Stack overflow can occur in a variety of situations. To understand how to detect such errors, it is easier to simulate one. To this end, you can write code that allocates more and more memory to the stack in a thread that runs a loop. An example of such code is given below:

MemoryStackOverflow class

memory/src/stack_overflow.hpp

// Copyright 2025 Haute école d'ingénierie et d'architecture de Fribourg
//
// Licensed under the Apache License, Version 2.0 (the "License");
// you may not use this file except in compliance with the License.
// You may obtain a copy of the License at
//
//     http://www.apache.org/licenses/LICENSE-2.0
//
// Unless required by applicable law or agreed to in writing, software
// distributed under the License is distributed on an "AS IS" BASIS,
// WITHOUT WARRANTIES OR CONDITIONS OF ANY KIND, either express or implied.
// See the License for the specific language governing permissions and
// limitations under the License.

/****************************************************************************
 * @file stack_overflow.hpp
 * @author Serge Ayer <serge.ayer@hefr.ch>
 *
 * @brief Declaration/Implementation of the StackOverflow class
 *
 * @date 2025-07-01
 * @version 1.0.0
 ***************************************************************************/

#pragma once

// zephyr
#include <zephyr/kernel.h>

// std
#include <cstdint>

namespace memory_demo {

class StackOverflow {
 public:
  void allocateOnStack() {
    // allocate an array with growing size until it does not fit on the stack anymore
    size_t allocSize = kArraySize * _multiplier;
    // Create a variable-size object on the stack
    double anotherArray[allocSize];  // NOLINT(runtime/arrays)
    for (size_t i = 0; i < allocSize; i++) {
      anotherArray[i] = i;
    }
    // copy to member variable to prevent them from being optimized away
    for (size_t i = 0; i < kArraySize; i++) {
      _doubleArray[i] += anotherArray[i];
    }
    _multiplier++;
  }

 private:
  static constexpr size_t kArraySize = 40;
  double _doubleArray[kArraySize]    = {0};
  size_t _multiplier                 = 1;
};

}  // namespace memory_demo

In the main() function, allocateOnStack() is called in a loop and heap information is displayed at each iteration.
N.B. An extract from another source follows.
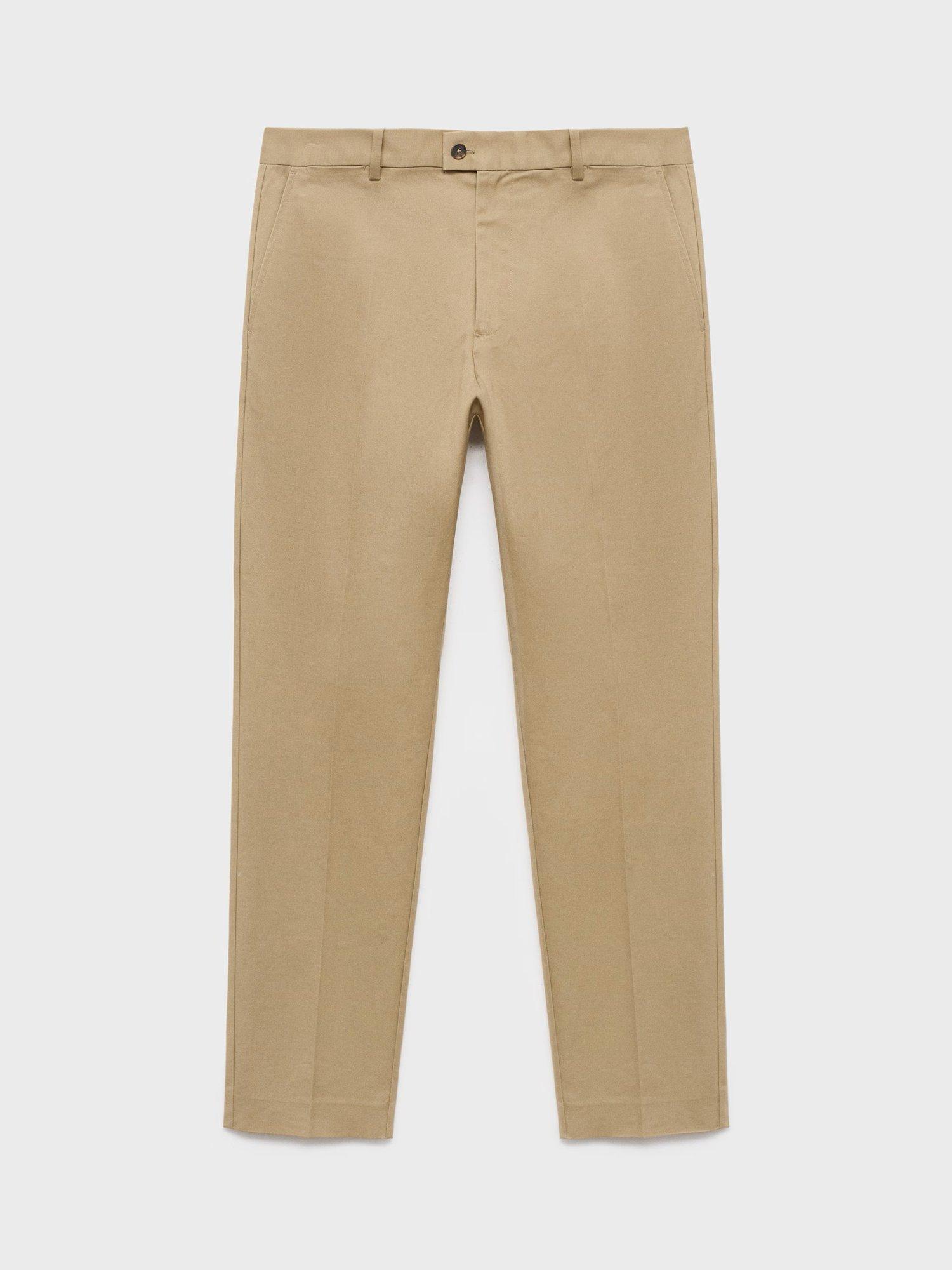 Product image 3 of 8, which shows Mango Nicco Stretch Cotton Blend Trousers, Beige, 31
In the console, you see that the maximum number of bytes used on the stack of the main thread continuously increases. Once the stack overflow happens, you will a stack overflow error.

Exercice Memory Profiling and Optimization/4

With the standard configuration using a Cortex-M CPU with MPU, hardware-based protection against stack overflows is enabled (when the system is running in privileged mode). Try to disable hardware protection by adding CONFIG_HW_STACK_PROTECTION=n in the prj.conf file and observe what happens when running the same program.

Exercice Memory Profiling and Optimization/5

Find and implement another very common way of creating a stack overflow in any program.